One of the things we do here at p&p, in addition to providing guidance, tools, and reference implementations, is try to evolve the processes we use to write software.  Last week, over lunch, the developers here at p&p had an interesting discussion about continuous integration.  We were trying to decide what changes we should make to our CI process, if any. At som point I’ll report back on what we are doing internally, but at this point, I’d like to hear from the rest of the world on what you would do. Before I ask for input though, I want to make sure we are on the same page. Here is how I view CI. A basic CI process, started on every check-in, includes:

  • Get the latest source
  • Build the components
  • Build and running the unit tests
  • Report success or failure of the build and unit test run (If any unit test fail, the build fails)

Experience has shown me the need to inject a few more steps in the process, so it looks more like this:

  • Get the latest source
  • Build the components
  • Build the deployment mechanism (MSIs, usually)
  • Build and running the unit tests
  • Report success or failure of the build and unit test run (If any unit test fail, the build fails)

Then there is my view of an ideal scenario. I have yet to see this implemented in the real world on a full-scale project:

  • Get the latest source
  • Build the components
  • Build the deployment mechanism (MSIs, usually)
  • Build and running the unit tests
  • Deploy to a development environment
  • Run a build verification test suite against the system deployed in the development environment
  • Run a full regression test pass against the deployed system
  • Run a full acceptance test pass against the deployed system
  • Report success or failure of the build, unit test run, deployment, build verification, regression tests, and acceptance tests (If any step in the process fails, or any test fails, the build fails)

 

So, readers, I have a few questions:

  • What do you think about the ideal scenario?
  • How would your ideal scenario work?
  • What do you actually do in your CI process?

 

Published Thursday, May 18, 2006 8:30 AM by mpuleio

Comments

# re: Survey: Ideal Continuous Integration

You are talking ideal?

Then I want some general performance benchmarks run on the Dev environment for the projects/components I am a part of as well.
Thursday, May 18, 2006 12:01 PM by theCoach

# re: Survey: Ideal Continuous Integration

Get the latest source

Build the components

Build and run the unit tests, along with NCover to get a complete coverage report.

FXCop & Simian (and soon Code Complexity) are also done.

Build the deployment mechanism (MSIs, usually)

Package final product to an ISO

Deployment is another process, usually done daily during QA Cycles.  We have setup an automated process to take a machine name which creates and configures a Virtual Machine, mounts the ISO and starts the installer.  This is done on demand; whenever QA wants a fresh build.

We are working with Selenium to work in the final regression bits and pieces now.  That will most likely happend on the Virtual Machine environment, during the QA process.

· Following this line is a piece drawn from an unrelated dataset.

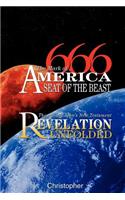 666 The Mark of America - Seat of the Beast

Thursday, May 18, 2006 1:17 PM by Rob Chartier

# Interesting Finds: May 18, 2006 PM edition

Thursday, May 18, 2006 4:40 PM by Jason Haley

# re: Survey: Ideal Continuous Integration

I'll definitely makes sure code coverage and rule checks (fxcop and whatnot) get added to my ideal list. For code coverage, it would be great to have seperate reports for unit tests and functional tests, possibly with a "combined" report.

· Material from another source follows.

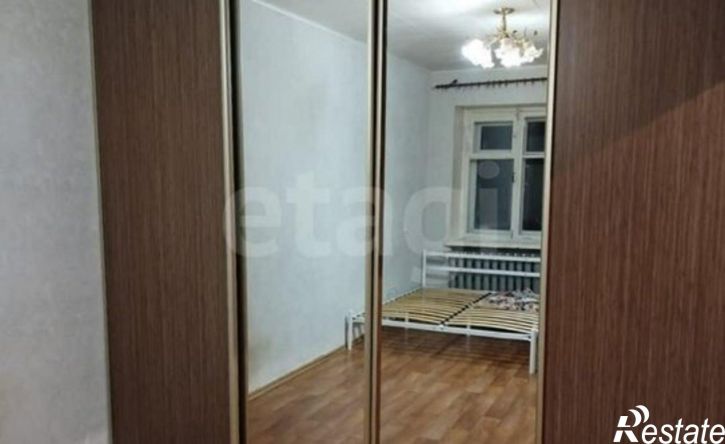 1-комн квартира Ленинский пр-кт, 56,  д. 56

I also forgot code signing, which should part of the process as well.

For products shipped via CD, an ISO package sounds great.

Virtual PC and I think Virtual Server are automatable.  theCoach has a good point: it would be possible to create and deploy to a VM, run the tests there, and not worry about seperate hardware for an environment.  This idea has floated around among a few developers I've talked to, but I have yet to see a good sample of someone scripting a VPC deployment (of course, I have not looked that hard).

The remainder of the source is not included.